DATA RECORDS.
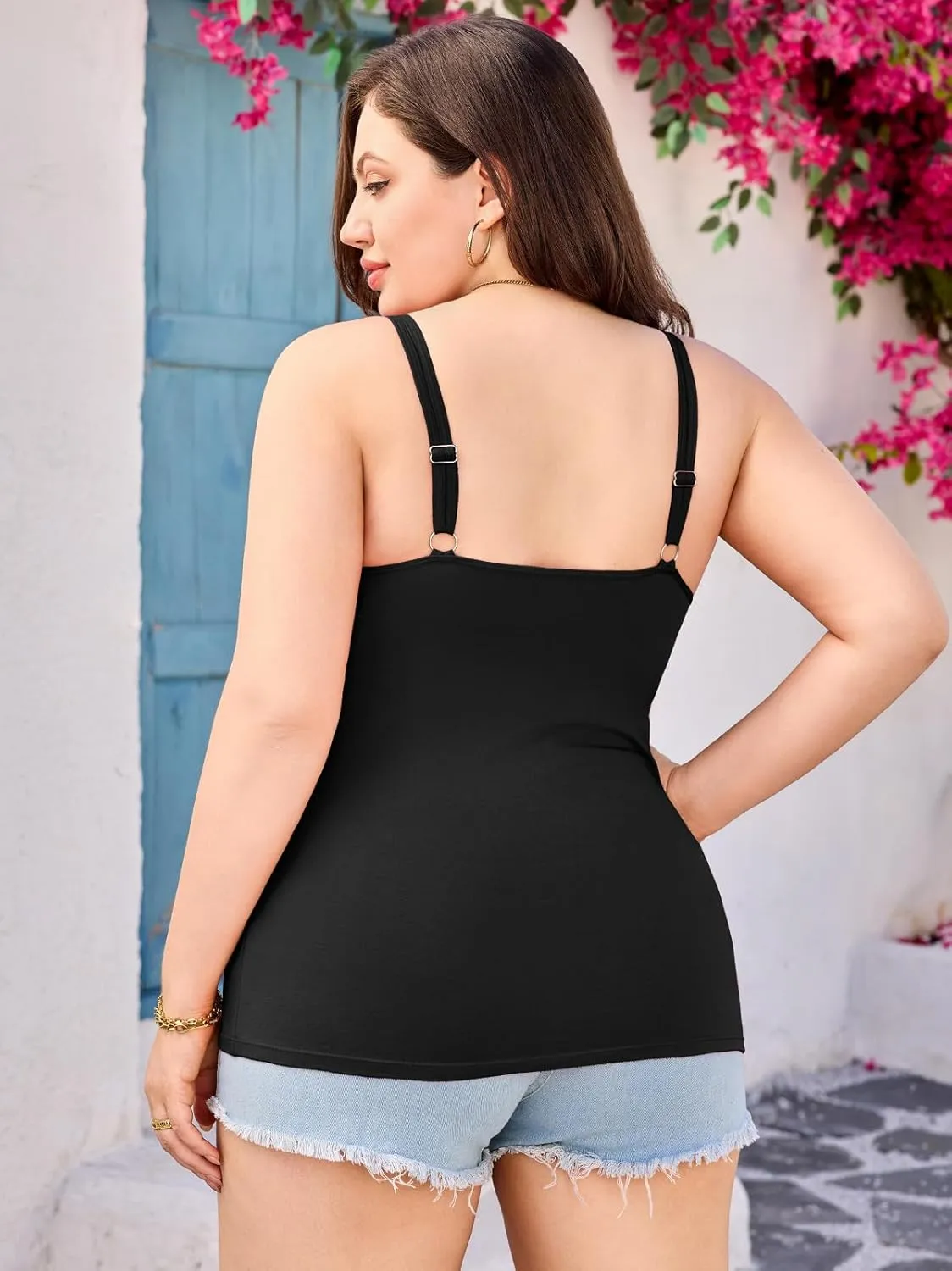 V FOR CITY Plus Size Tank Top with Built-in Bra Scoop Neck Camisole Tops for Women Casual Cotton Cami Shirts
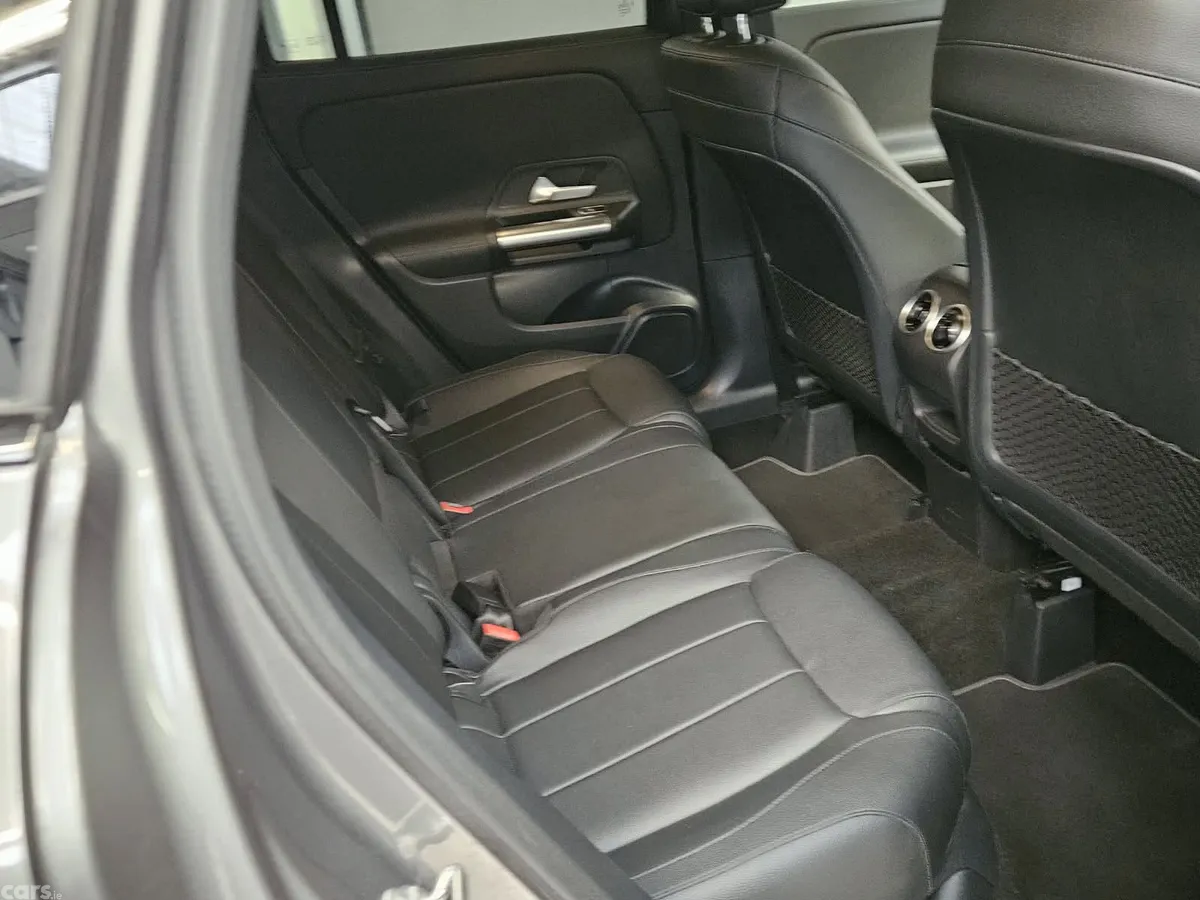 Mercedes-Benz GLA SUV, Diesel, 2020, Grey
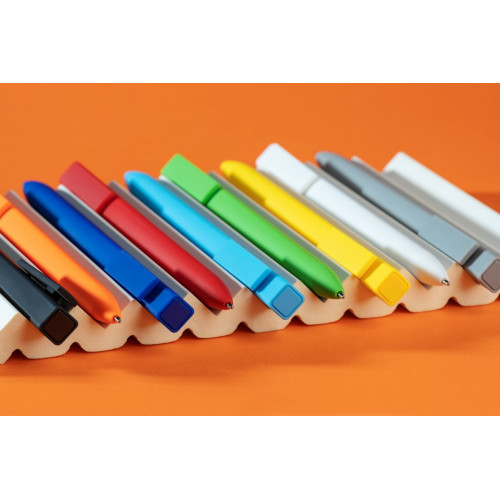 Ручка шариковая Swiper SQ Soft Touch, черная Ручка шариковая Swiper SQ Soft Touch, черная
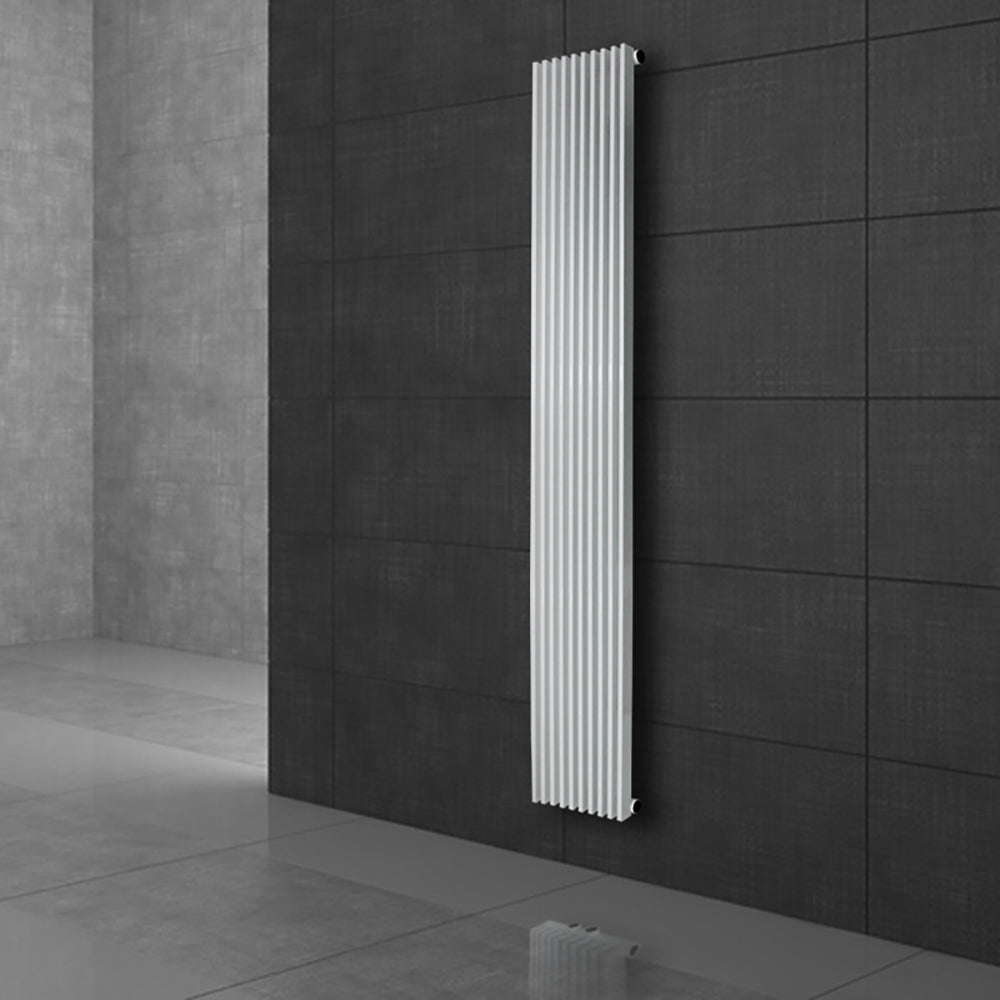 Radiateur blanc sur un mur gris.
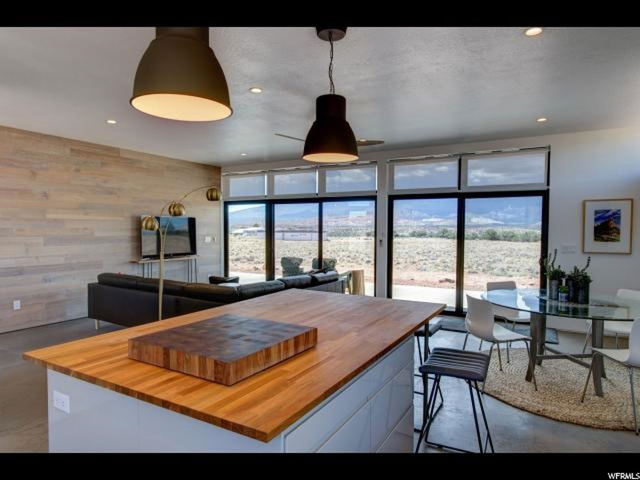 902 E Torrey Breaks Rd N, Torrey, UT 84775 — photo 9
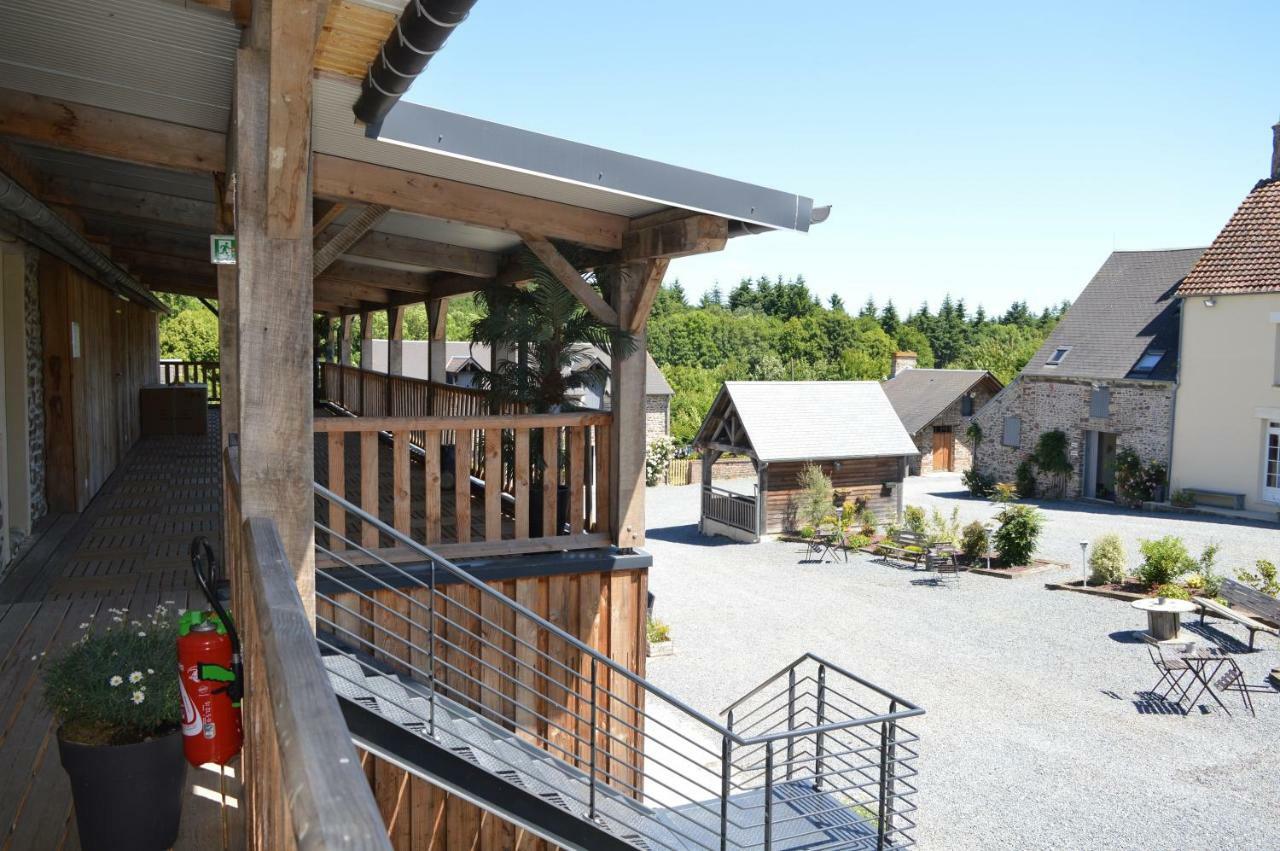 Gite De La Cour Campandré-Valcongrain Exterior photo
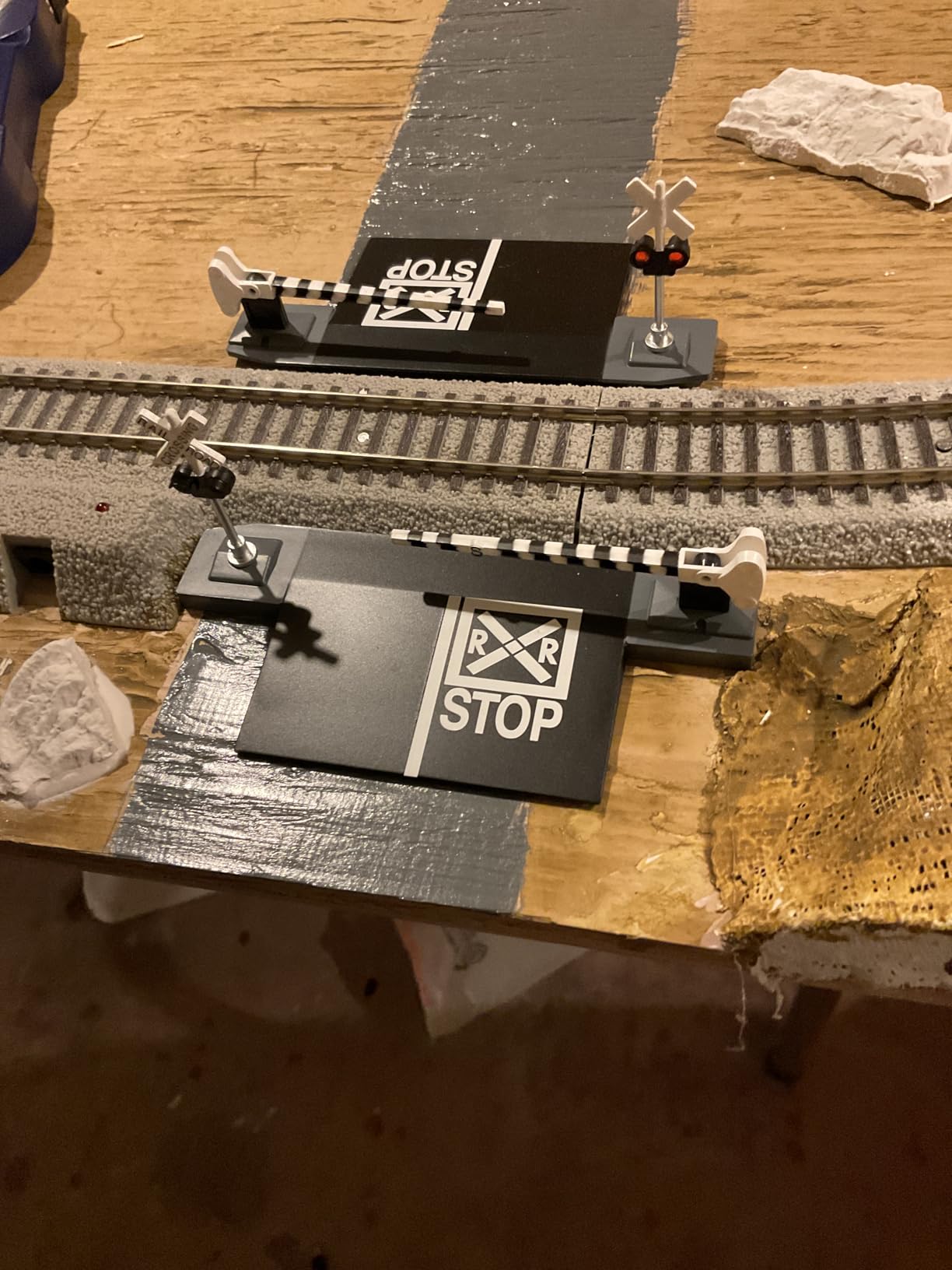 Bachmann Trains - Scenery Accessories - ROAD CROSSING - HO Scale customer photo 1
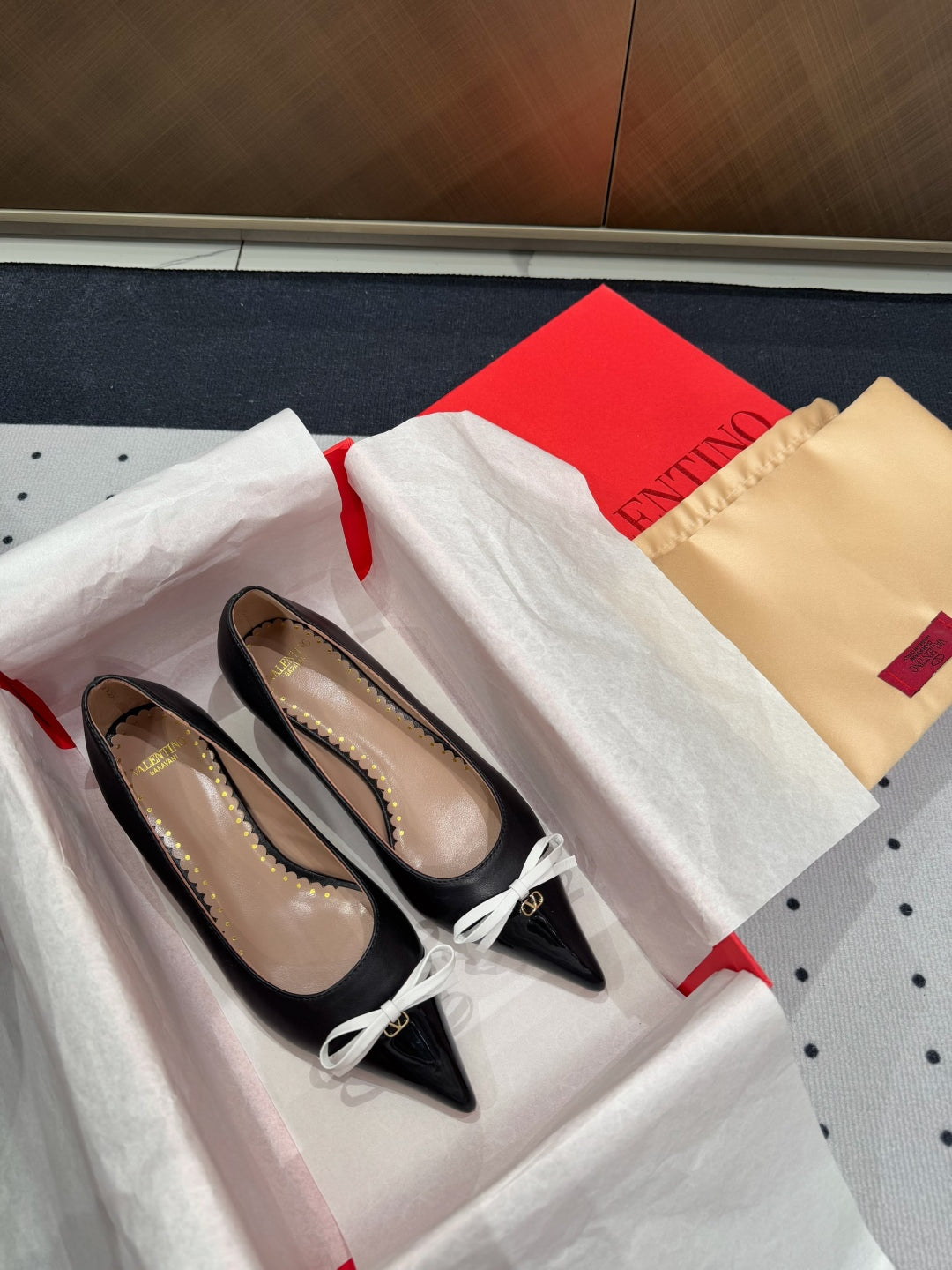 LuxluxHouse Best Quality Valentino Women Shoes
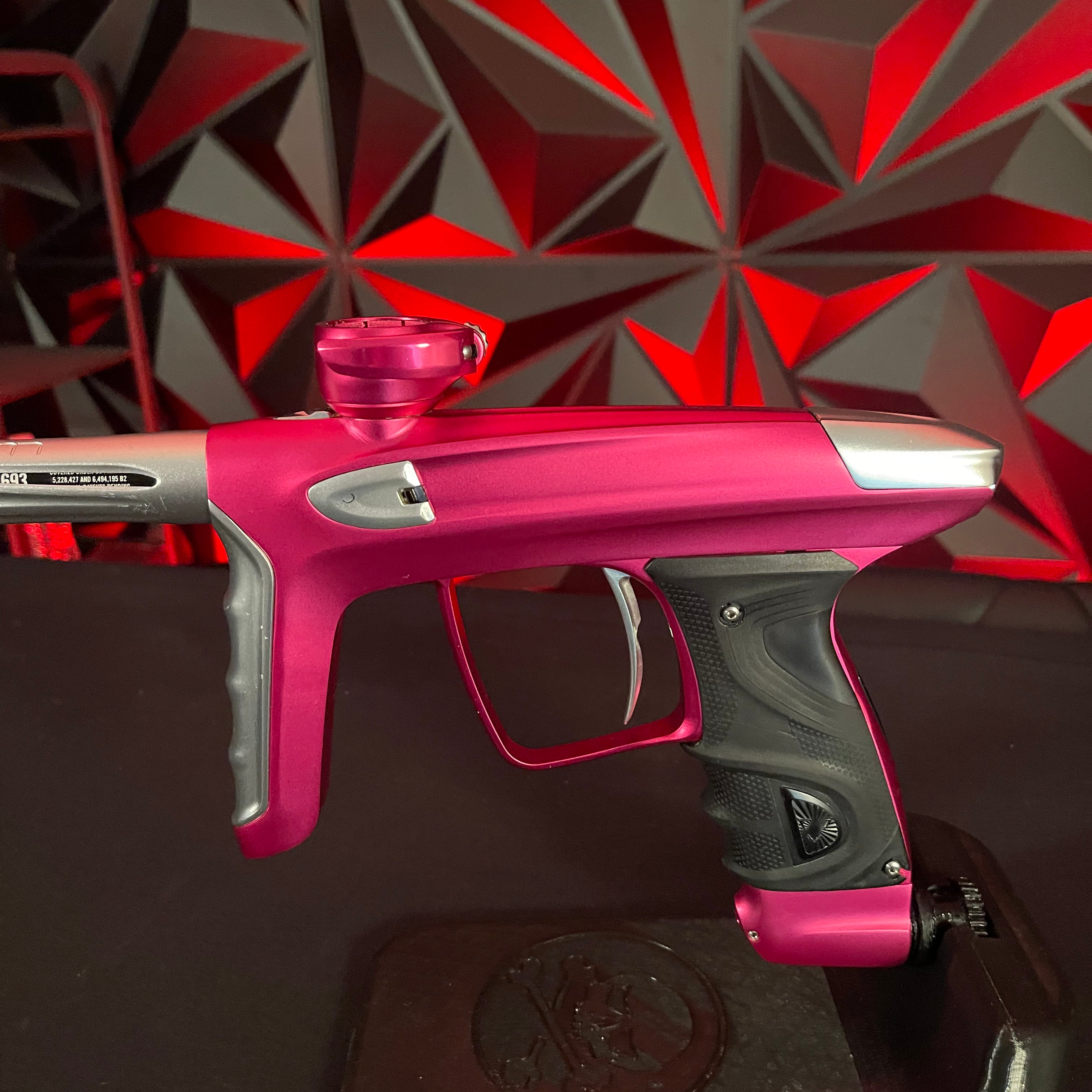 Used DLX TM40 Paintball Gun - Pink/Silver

EXERCISE INSTRUCTIONS. All of the data is to be returned exactly, with no pictures included.

TASK OUTPUT.
 V FOR CITY Plus Size Tank Top with Built-in Bra Scoop Neck Camisole Tops for Women Casual Cotton Cami Shirts
 Mercedes-Benz GLA SUV, Diesel, 2020, Grey
 Ручка шариковая Swiper SQ Soft Touch, черная Ручка шариковая Swiper SQ Soft Touch, черная
 Radiateur blanc sur un mur gris.
 902 E Torrey Breaks Rd N, Torrey, UT 84775 — photo 9
 Gite De La Cour Campandré-Valcongrain Exterior photo
 Bachmann Trains - Scenery Accessories - ROAD CROSSING - HO Scale customer photo 1
 LuxluxHouse Best Quality Valentino Women Shoes
 Used DLX TM40 Paintball Gun - Pink/Silver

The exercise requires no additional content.